Shape mismatch error for out of sample inference

Hello, I know there’s a few questions on this topic and I (believe!) I have tried all the suggested solutions but none work for me.

I’m running a simple Bayesian linear model, and want to perform inference on a 2d (data frame) that has a different number of rows to my training data. This doesn’t work - if they have the same shape it’s all fine, but as soon as I change the number of rows, well …

In my opinion I have tried everything, coords, mutable coords, adding the observed values for the sampling as a Data argument and re-setting those during inference (even though I don’t know these values of course!) - but nothing works. Any help or pointers massively appreciated, I feel this shouldn’t be so difficult?!

Minimal working example:

covariates = pd.DataFrame(np.random.randint(1,5,(38, 9)), columns=[f'feature_{i}' for i in range(9)])

coords = {'obs': covariates.index, 'features':covariates.columns}
coords_mutable = {'obs': np.arange(len(covariates))}

with pm.Model(coords=coords, coords_mutable=coords_mutable) as base_model:

    covars_data = pm.Data("covars_data", covariates, dims=['obs', 'features'])
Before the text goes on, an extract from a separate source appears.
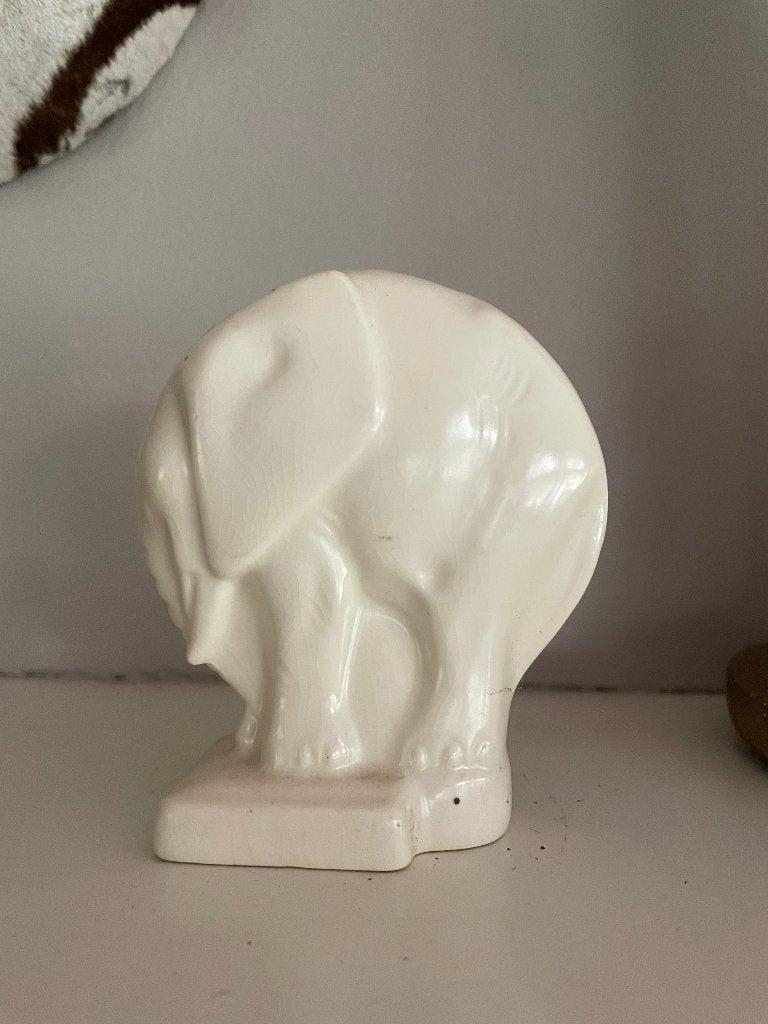 Art deco Olifant Chris van der Hoef - Hille Zaandam (1951), Wit, Beeld, Ophalen of Verzenden, 10 cm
    mu = pm.Normal("mu", 0, sigma=1)
    sigma = pm.HalfCauchy("sigma", beta=10)
    n = covariates.shape[0]
    n_cov = covariates.shape[1]
    
    intercept = pm.Normal("intercept", mu=mu, sigma=sigma, shape=n)

    beta = pm.Normal("beta", mu=0, sigma=1, shape=n_cov, dims="features")
    mean_val = intercept + covars_data @ beta

    data = pd.DataFrame(np.random.randint(1,5,(38, 5)), columns=['a','b','c','d','e'])

    endpt1_data = pm.Data(
        "endpt1_data", data.a
    )
    se1_data = pm.Data("se1_data", data.b)

    sigma_data = pm.Data("sigma_data", data.c, dims='obs')
    obs2_data = pm.Data('obs2_data', data.e, dims='obs')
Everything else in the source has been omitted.